Wenn meine Erinnerung nicht trügt, waren 125,- bis 150,- Schilling übliche Preise für eine Langspielplatte. Das entspräche etwa neun bis zehn Euro, damals freilich mit höherer Kaufkraft. Via Radio konnte man dem heimischen Angebot folgen und zum Beispiel Evamaria Kaiser lauschen, von dieser Rundfunkmoderatorin erfahren, was sich musikalisch in Österreich tut.

Ich hab außerdem Radio Luxemburg als wichtige Quelle in Erinnerung. Vorzugsweise aus einem gebrauchten Kofferradio, das sich unter der Bettdecke bewährte. (Damit konnte ich auch eines der zwei TV-Programme abhören.)

Wo es in Haushalten schon TV-Geräte gab, waren Uschi Nerke und der Beat-Club unverzichtbar. Ich mußte dazu Freunde besuchen, dann es lief in meiner Familie nach dem klassischen Muster: Erst wurde ein Kühlschrank angeschafft, dann eine Waschmaschine. Dann erst hatte das Fernsehgerät seine Chance. Es dauerte.

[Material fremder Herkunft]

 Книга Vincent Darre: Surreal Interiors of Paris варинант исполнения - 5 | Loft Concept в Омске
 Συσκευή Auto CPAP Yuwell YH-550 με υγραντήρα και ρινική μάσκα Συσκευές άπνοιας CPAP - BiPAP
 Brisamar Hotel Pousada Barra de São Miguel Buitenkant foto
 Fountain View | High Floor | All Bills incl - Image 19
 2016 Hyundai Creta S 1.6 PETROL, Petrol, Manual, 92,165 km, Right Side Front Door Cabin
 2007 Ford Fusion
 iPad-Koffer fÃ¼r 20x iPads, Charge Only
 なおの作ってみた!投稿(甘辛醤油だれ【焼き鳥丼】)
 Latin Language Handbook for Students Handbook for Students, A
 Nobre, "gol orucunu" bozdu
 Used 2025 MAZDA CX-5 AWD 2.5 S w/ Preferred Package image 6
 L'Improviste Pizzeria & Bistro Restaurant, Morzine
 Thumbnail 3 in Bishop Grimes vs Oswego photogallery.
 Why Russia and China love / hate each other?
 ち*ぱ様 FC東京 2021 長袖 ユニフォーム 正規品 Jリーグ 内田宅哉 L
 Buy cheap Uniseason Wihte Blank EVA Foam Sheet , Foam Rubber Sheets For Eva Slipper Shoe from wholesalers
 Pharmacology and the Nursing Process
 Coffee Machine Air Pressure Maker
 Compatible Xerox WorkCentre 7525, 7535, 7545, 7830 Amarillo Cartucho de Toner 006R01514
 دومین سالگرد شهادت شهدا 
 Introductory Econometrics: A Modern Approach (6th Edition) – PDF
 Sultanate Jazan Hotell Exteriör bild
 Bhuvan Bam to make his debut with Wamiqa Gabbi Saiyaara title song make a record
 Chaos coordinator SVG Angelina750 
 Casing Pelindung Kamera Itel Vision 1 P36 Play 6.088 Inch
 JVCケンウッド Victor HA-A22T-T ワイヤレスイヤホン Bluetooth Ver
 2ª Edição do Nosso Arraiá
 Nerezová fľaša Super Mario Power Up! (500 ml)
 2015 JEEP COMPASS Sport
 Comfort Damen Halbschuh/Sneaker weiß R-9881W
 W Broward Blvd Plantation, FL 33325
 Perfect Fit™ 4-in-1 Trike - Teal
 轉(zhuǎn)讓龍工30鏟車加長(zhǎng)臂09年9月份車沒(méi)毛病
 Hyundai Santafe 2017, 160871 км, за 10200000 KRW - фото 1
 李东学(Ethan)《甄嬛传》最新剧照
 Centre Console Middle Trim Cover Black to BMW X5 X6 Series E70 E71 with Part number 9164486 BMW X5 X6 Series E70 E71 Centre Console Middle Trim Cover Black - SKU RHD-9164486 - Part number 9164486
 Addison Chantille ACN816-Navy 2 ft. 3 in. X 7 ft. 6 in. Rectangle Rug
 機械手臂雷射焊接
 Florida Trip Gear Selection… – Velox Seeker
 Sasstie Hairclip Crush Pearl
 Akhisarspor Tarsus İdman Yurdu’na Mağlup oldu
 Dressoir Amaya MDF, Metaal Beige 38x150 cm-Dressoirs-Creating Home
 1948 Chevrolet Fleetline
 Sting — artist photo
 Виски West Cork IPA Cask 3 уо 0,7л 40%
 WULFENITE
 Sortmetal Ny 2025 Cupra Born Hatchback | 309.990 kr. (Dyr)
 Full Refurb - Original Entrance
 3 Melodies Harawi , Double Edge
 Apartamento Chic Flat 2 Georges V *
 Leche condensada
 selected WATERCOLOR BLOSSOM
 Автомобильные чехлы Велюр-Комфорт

Allerdings hatte ich einen anderen, sehr untypischen Vorteil. Mein Vater war leidenschaftlicher Schmalfilmer. Als das Format Super 8 auch mit Tonspur lief, gab es gute Gründe für ein Tonbandgerät. Das half beim Vertonen der Filme und ermöglichte Radio-Mitschnitte. Außerdem konnte man sich Schallplatten ausborgen, um sie auf Band zu kopieren.

Als mein Vater sich ein neues Gerät anschaffte, durfte ich das alte übernehmen. Ein Magnetophon, wie das hieß. Dicke Tasten. Grobes Zählwerk. "Magisches Auge", um bei Aufnahmen die Aussteuerung zu kontrollieren. Die Bänder ließen mehrstündige Programme zu, eigenwillige Zusammenstellungen. Das war natürlich eine Wucht, weil ich so meinen eher bescheidenen Musik-Bestand (Schallplatten) zu einem Quantensprung brachte. Gebrauchte Tonbänder eröffneten dieses Feld.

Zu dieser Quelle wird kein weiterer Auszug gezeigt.